By Peter Crooks
PhD Dissertation, University of Dublin, 2007
Abstract: This thesis offers a reappraisal of noble power and political culture in the English colony in Ireland in the late middle ages. It seeks to move beyond narrowly-conceived studies of the colony’s chief governors and institutional apparatus, which remain historiographical staples for this period. Implicit in such writings is the assumption that a firm central authority provided by the king was preferable to ‘unruly’ aristocratic power. This thesis is an attempt to interrogate that assumption by closely examining one ‘negative’ trait particularly associated with the English lords of late medieval Ireland: factionalism.
The prevalence of conflict in this period may at first invite pessimism; but by broadening the scope of the discussion, the thesis seeks to show that ‘lordship’ as exercised in English Ireland had much in common with societies in neighbouring Britain and beyond. A general review of these issues (Part I), serves as a prelude to a discussion of factionalism in a more confined period, 1361– 1423 (Parts II–IV). The thesis traces the course of a prolonged dispute between two of the most powerful noble houses in Ireland: the Butler earls of Ormond and the Geraldine earls of Desmond. By the 1420s, the Butlers and Geraldines had reached a temporary détente, but the thesis examines the origins of a second protracted struggle involving the Butlers, this time with relative newcomers to Ireland, the Talbot family (later earls of Shrewsbury and Waterford).

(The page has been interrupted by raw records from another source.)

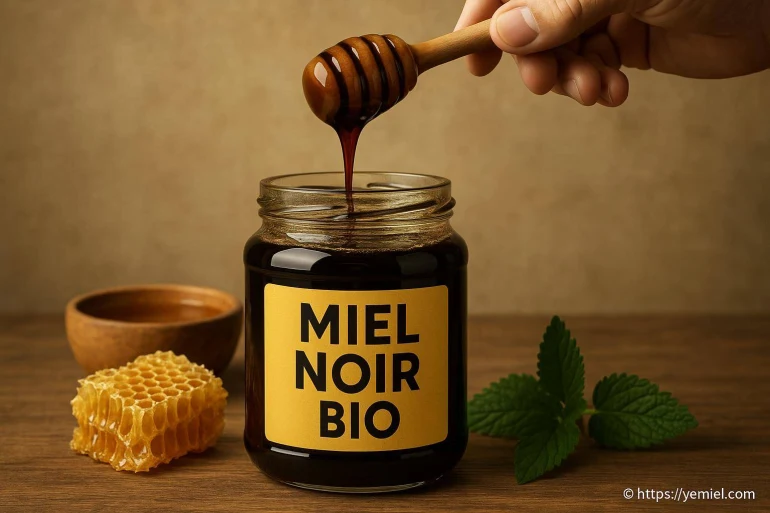 Le miel noir bio : spécificités, bienfaits et usages naturels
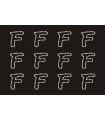 Transfer de Strass LETRAS ENGRAVER 32mm - Varias opciones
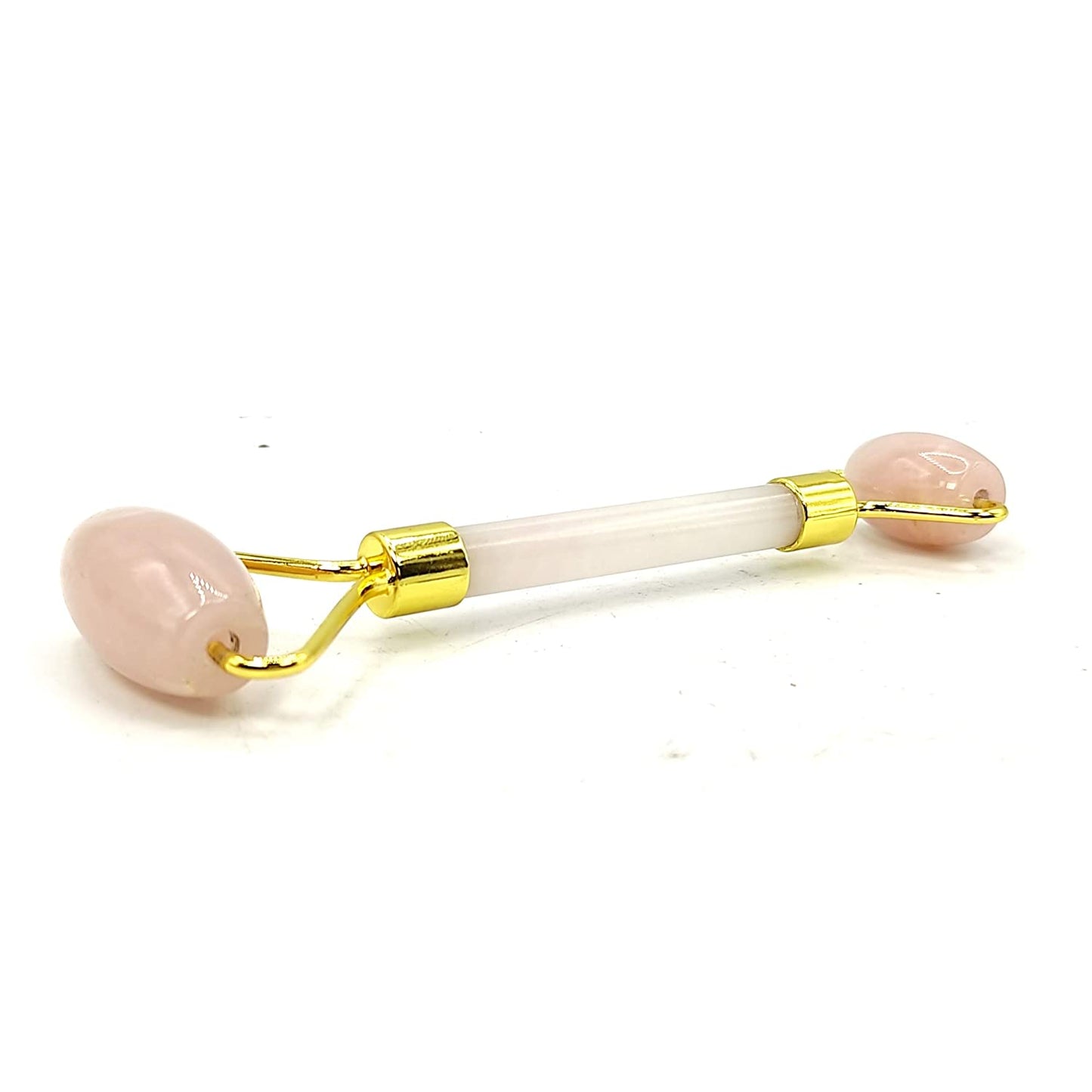 rose quartz stone face roller massager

It is argued that the discords between these nobles cannot be explained simply by the ebbing power of the central government and the entrenchment of local lordship. Indeed, the English crown and its representatives in Ireland frequently aggravated noble conflicts. Moreover, the extent to which conflicts were bloody has been greatly exaggerated. Faction fights, far from indicating weakness at the centre, were in fact often conducted through the institutions of the central government. Consequently, ‘factionalism’ can serve as a conceptual key to open up a number of themes of more general significance, including the relationship between the resident nobles and the Dublin government; the interdependence of colonial and curial politics; the flexibility of the colonial identity; the sophistication of political culture; and the relationship between magnate ambitions and the broader concerns of the political community of the colony. Physical conflict did, of course, occur. Yet it is suggested that, here too, the picture is rather more complex than historians have allowed. The English nobles of Ireland had mechanisms for regulating their private affairs, such as arbitration, compensation and marriage settlements. These means of dispute settlement spun an intricate web of social affiliations that helped propel antagonists towards peace. Finally, by taking the discussion up to the year 1423, the thesis hopes to expose continuities in noble actions and attitudes across the chronological threshold of 1399, and demonstrate that the factional struggles of the Yorkist and Tudor periods in Ireland need to be placed in a continuum that extends back to the later fourteenth century.